Here are some other tips as you are preparing your data for import:

  • Use the capabilities of spreadsheet applications
    • Many of these have filtering capabilities that can help you to correct these issues before importing
  • If you are getting your data from a back end system or a data administrator, you will likely have to go back to the person generating your “reports” in order to get “raw” data.
    • When you do, be explicit with them about how you want the data structured, show them examples if possible.
    • IT folks like explicit examples as it removes verbal ambiguity.
    • Many of them have been cutting data to be consumed using traditional reports and tools and will automatically assume those formats will work for you as well.
    • You may even want to show them how SpatialKey uses data. It will give them a much better appreciation for why you are asking for data formatted this way.
  • If you are exporting data, select the option to quote all fields (depends on the specific application or database you are exporting from).  If you do this, you will not need to worry about the CSV specifications mentioned above.
  • Dates and Times
    • It is impossible to support every conceivable date and time combination that a person could come up with, although we do try!
    • Try to use the most commonly used date and time text formats if possible
    • Just a few examples (by no means exhaustive)
      • mm/dd/yyyy
      • mmddyyyy
      • mmyyyy
      • yyyy/mm/dddd
      • yyyy
      • HH:MM:SS
      • 12 JAN 2008 12:34:55
  • Text data
    • Text data is restricted to 255 characters per field
    • Text that has characters beyond this limit will be truncated down to the limit
  • Attempt smaller data sets first (a smaller subset of the total amount of data) to make sure that the results look correct before going for the tens of thousands. It is much better to see an issue with a data import after a few seconds to a minute than waiting many minutes only to discover an issue that requires you to re-import the data set.
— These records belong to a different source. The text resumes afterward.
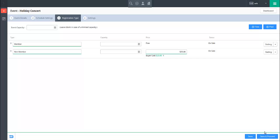In the next tutorial, we will discuss how to finalize settings for the event you are creating.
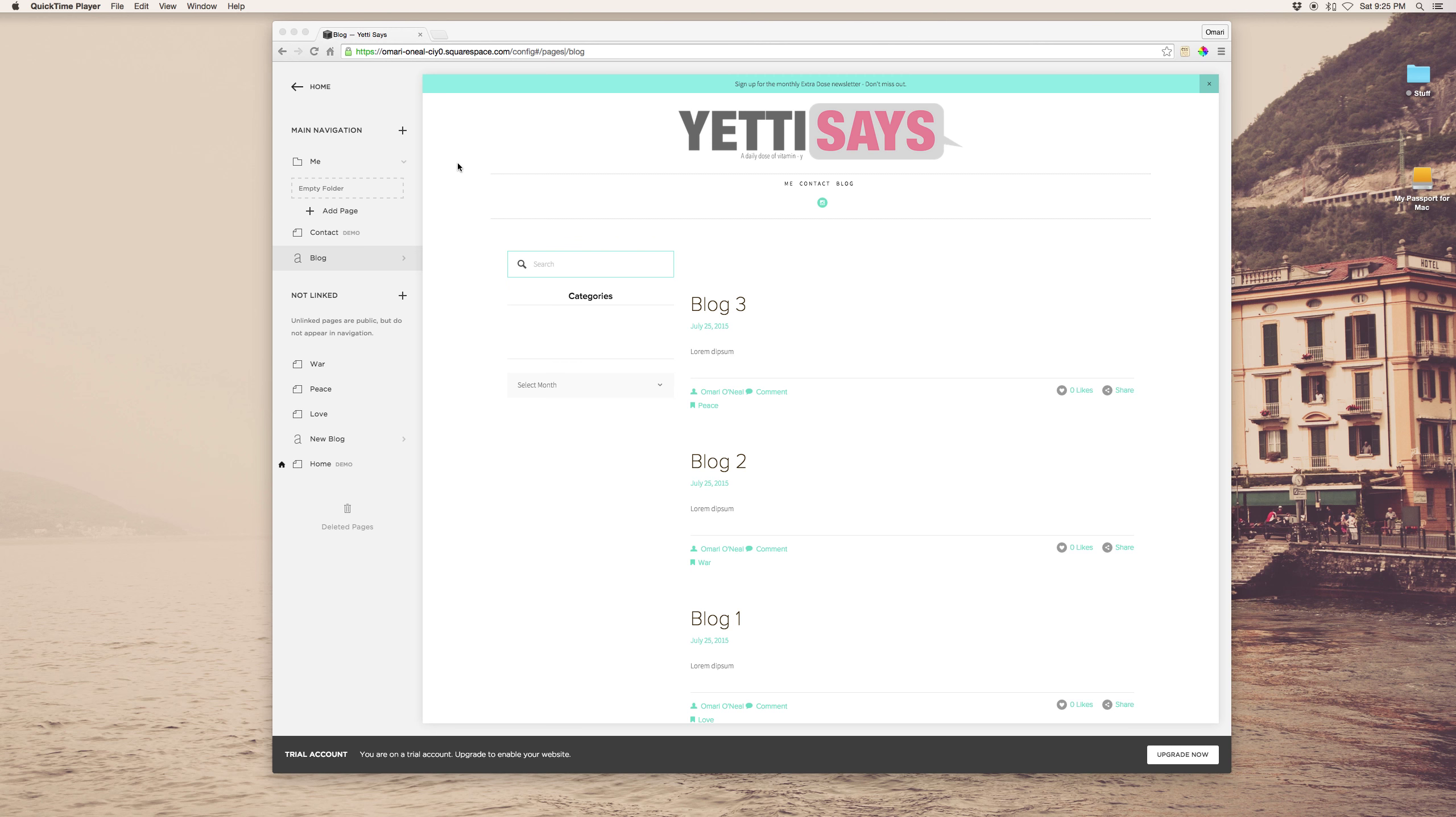This is SquarespaceThemes.com where we help creative entrepreneurs get the most out of their Squarespace site. Now today I'm just going to do a really quick rundown of how you can create a category block in your blog sidebar.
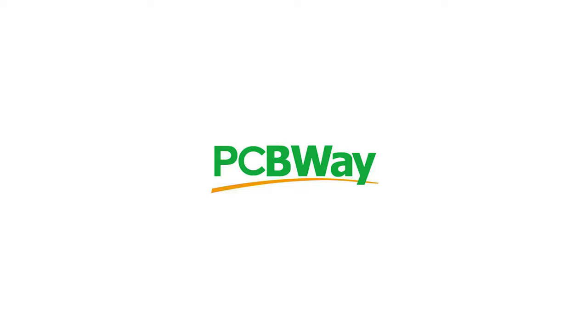This video is sponsored by PCBWay. Hey guys, this here is a tiny amplifier and I can proudly say that I made it myself.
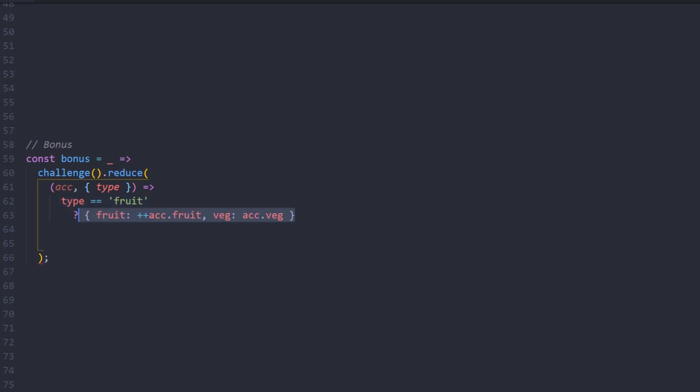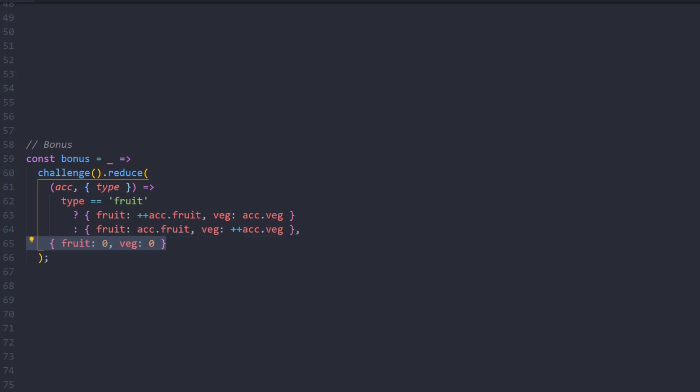Also, it's important to provide an initial value to prevent undefined accumulators. Well, here's your output. I guess that's quite interesting. We'll have a quick glance at the array methods we came across.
Final Words of Encouragement

By taking a little bit of time with your data up front, you can save a lot of time and energy once in the SpatialKey application.  The results that SpatialKey can produce for you is only as good as the source data itself, the Data is Key!  We can’t wait to see the stories your data has to tell.  Please contact us at any time, we love hearing your feedback and ideas.

It is a brave new day for business intelligence, geospatial tools, and data analysis and we encourage you to see your data for the first time by unlocking it with SpatialKey!